CAKE - Chocolate Espresso Mousse Cake
By Aemelia
1 Picture
Ingredients
- CAKE:
- 1 stick (113gr) butter
- 1 cup (200gr) sugar
- 1/2 cup (45gr) natural cocoa powder
- 2 eggs
- 1 1/2 cups (185gr) all purpose flour
- 1 teaspoon (5gr) baking powder
- 1 teaspoon (5gr) espresso powder
- 1/2 teaspoon (2.5gr) baking soda
- 1 cup (250ml) warm water
- For the mousse:
- 6 oz semisweet chocolate, chopped
- 1/4 cup (62.5ml) whole milk
- 1 teaspoon espresso powder
- 1/2 stick (55gr) butter
- 1 egg yolk
- 1 cup (250ml) heavy cream, cold
Details
Adapted from tarteletteblog.com
Preparation
Step 1
CAKE:
Preheat oven to 325F. Butter two 8-inch round baking pans, sprinkle some flour into the pans, shake it around and tap the excess off. Line the bottoms with two 8 inch circles of parchment paper. Set aside.
In a mixer fitted with the paddle attachment, mix together the butter and sugar until light and creamy. On low speed, add the cocoa and mix until incorporated. Add the eggs, one at a time, beating well after each addition. Scrape the bowl with a spatula to make sure they are properly mixed in. Add the flour, baking powder, espresso powder and baking soda and mix on medium-low speed while slowly adding the warm water and mix until smooth. Divide the batter between the prepared pans and bake for 30 to 40 minutes or until a toothpick inserted in the middle comes out clean. Let cool to room temperature and unmold the cakes.
Lower the oven temperature to 300F. Level the cakes by trimming the tops off and break them in pieces. Place those on a baking sheet and bake for 15 minutes or until dried. Let cool completely and process them until smooth in food processor. Set the crumbs aside.
FOR THE MOUSSE:
In a bowl set over a pan of simmering water (make sure that the bowl fits snuggly over the pan and does not touch the water), melt together the chocolate, milk, espresso powder and butter. Remove from the heat and let cool to lukewarm.
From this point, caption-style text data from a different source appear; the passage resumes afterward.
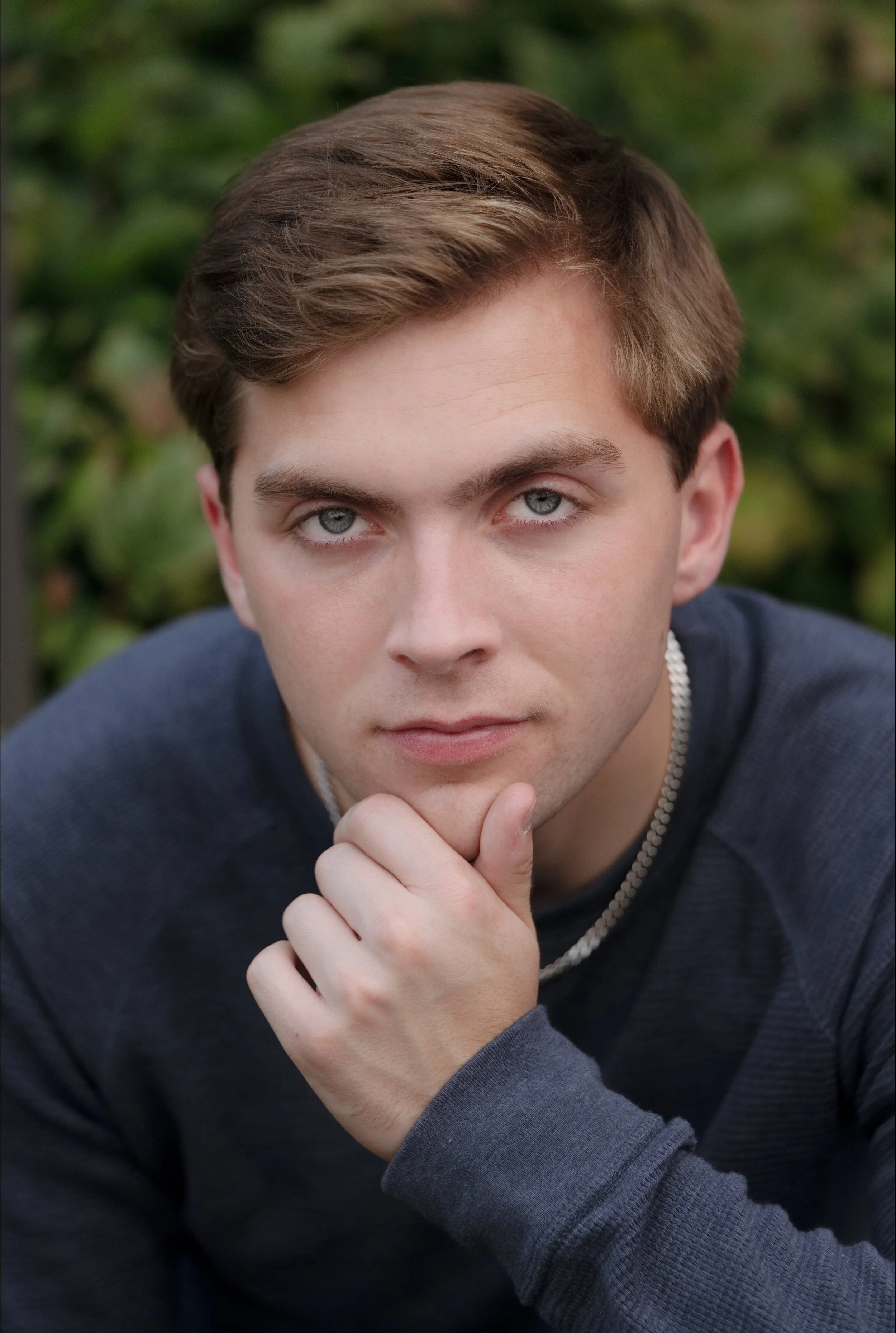 Close-up of a young man with light brown hair and blue eyes, resting his chin on his hand and looking into the camera, outdoors with blurred greenery in the background.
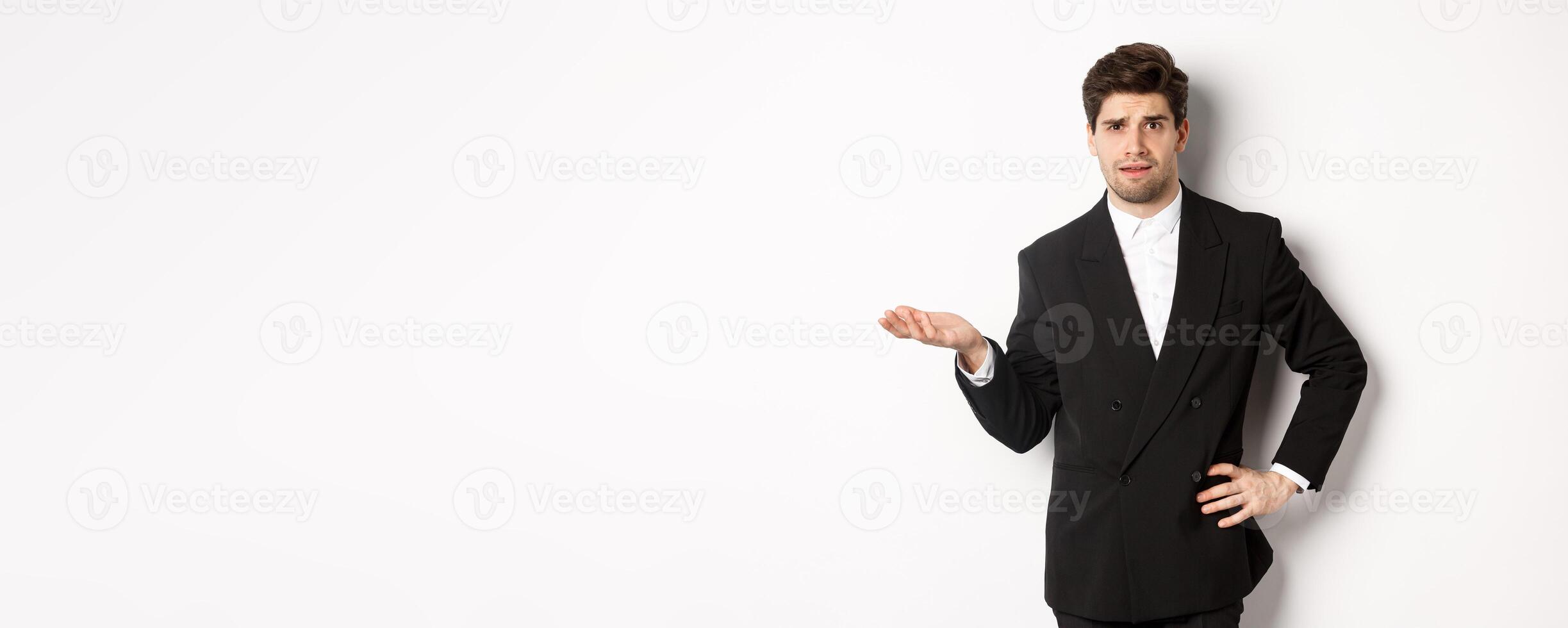 Image of confused handsome man in formal suit, raising hand and shrugging, cant understand something, standing against white background photo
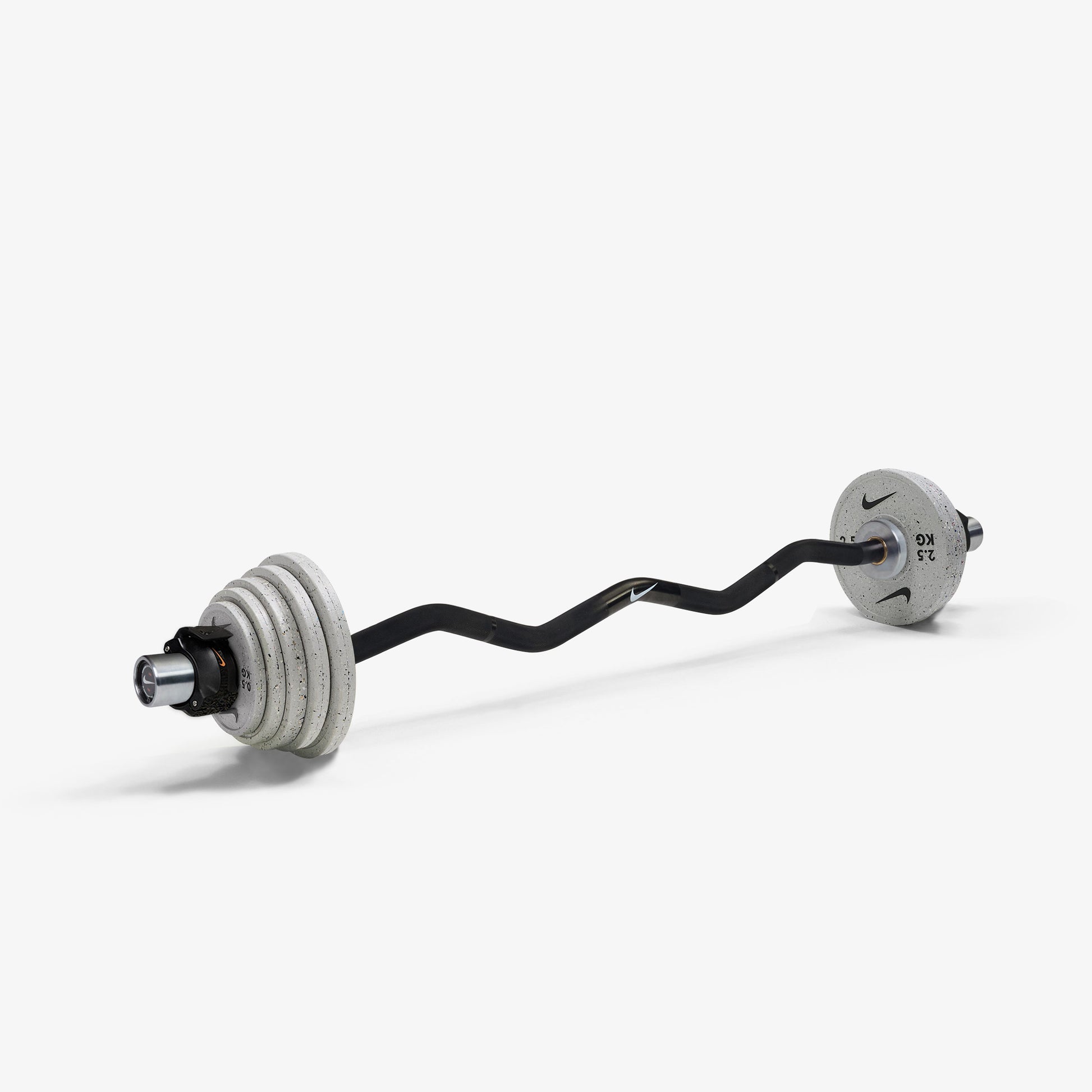 Nike Curl Bar - Black / Nike Grind Change Plates (0.5 - 2.5 kg pairs) / Black/Orange
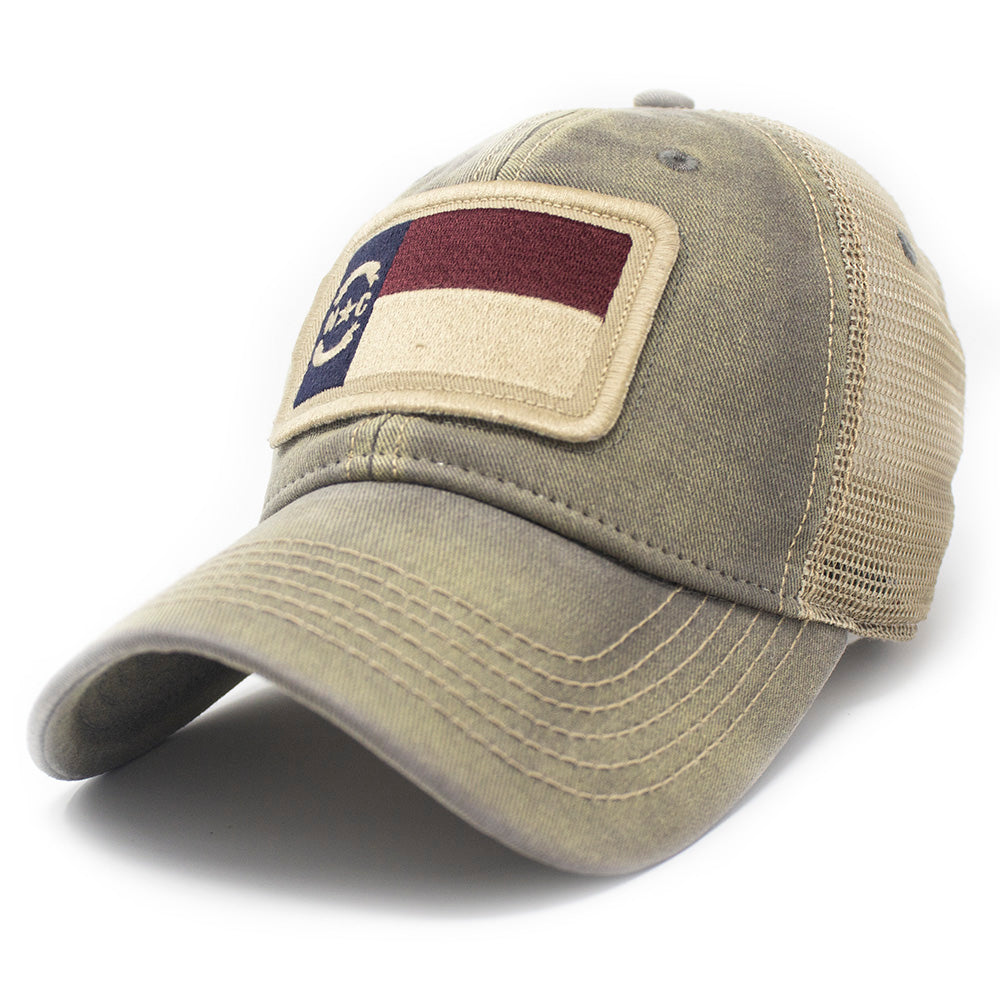 Trucker hat with khaki colored mesh backing, grey cotton front panel and bill with tan stitching. Ballcap has an embroidered patch of the North Carolina flag in in the center.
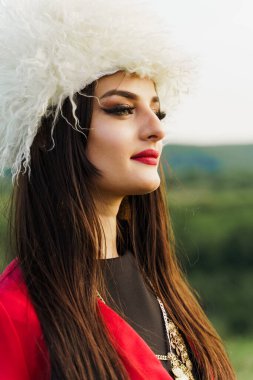 Georgian girl in papakha and red national dress with cross symbols. Attractive woman on the lake. Georgian culture lifestyle. Woman looks right side clipart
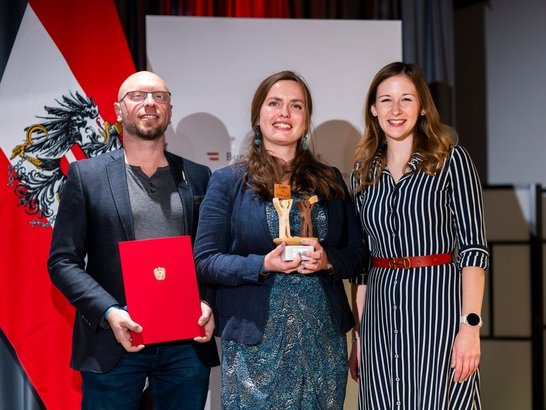 Drei Personen in festlicher Kleidung vor Österreichfahne: Mann mit roter Mappe, Frau mit Trophäe aus Holz und Ministerin Bauer 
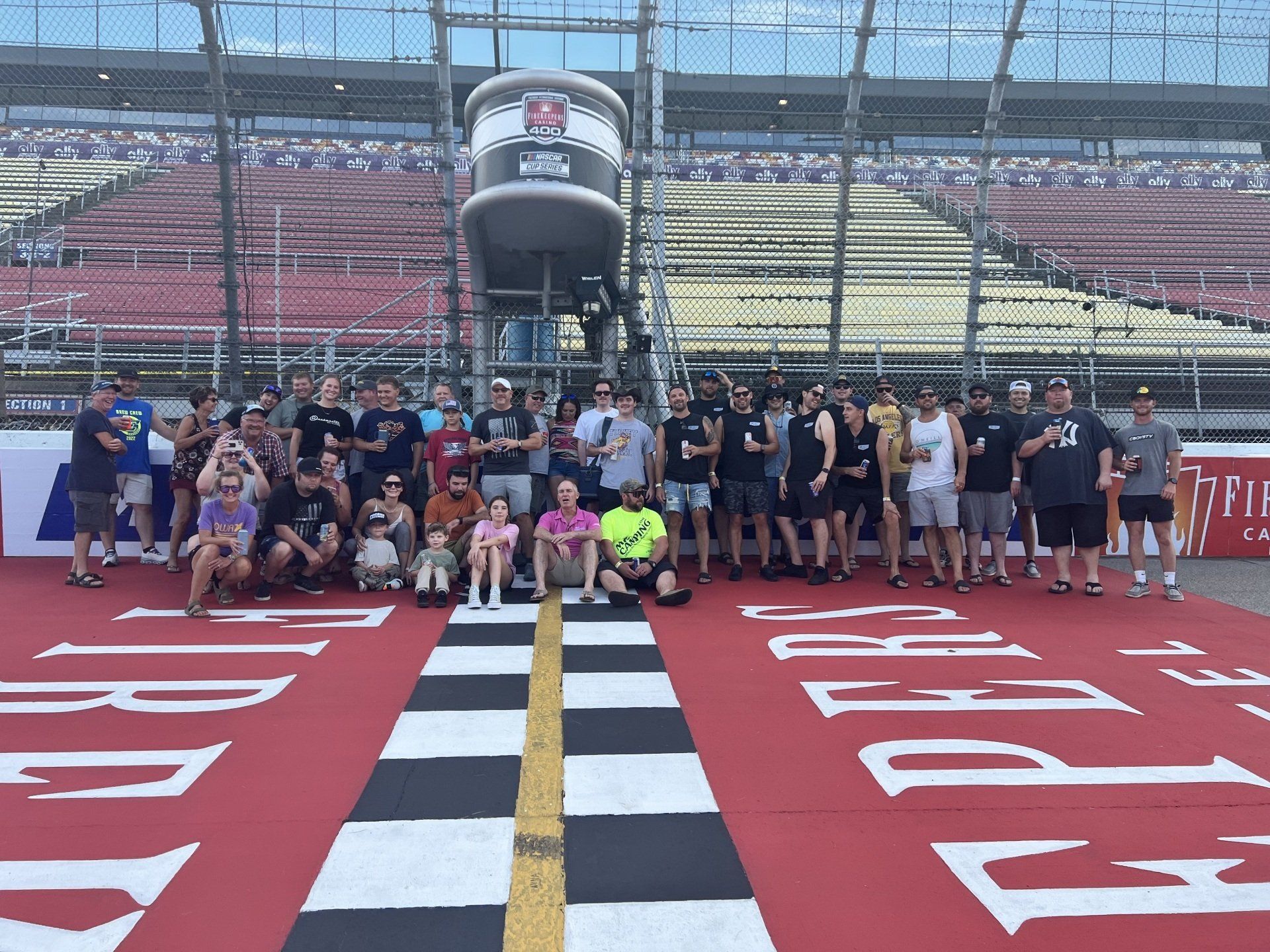 A group of people are posing for a picture on a race track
Whisk in the egg yolk. In a mixer, whip the cream to medium peaks and fold it into the chocolate mixture.
To assemble:
Place one cake layer in a springform pan, top with the mousse and place the second cake layer on top. Refrigerate until the mousse is firm, about one hour. Run a knife dipped in hot water around the edge of the cake and unmold. Use a long knife to cut the cake into 8 slices and make sure to dip it in hot water and wipe it clean each time to get clean cuts. Trim the ends of each slices to obtain triangles. Coat each piece with the reserved cake crumbs.
Serve with ice cream or some whipped cream if desired.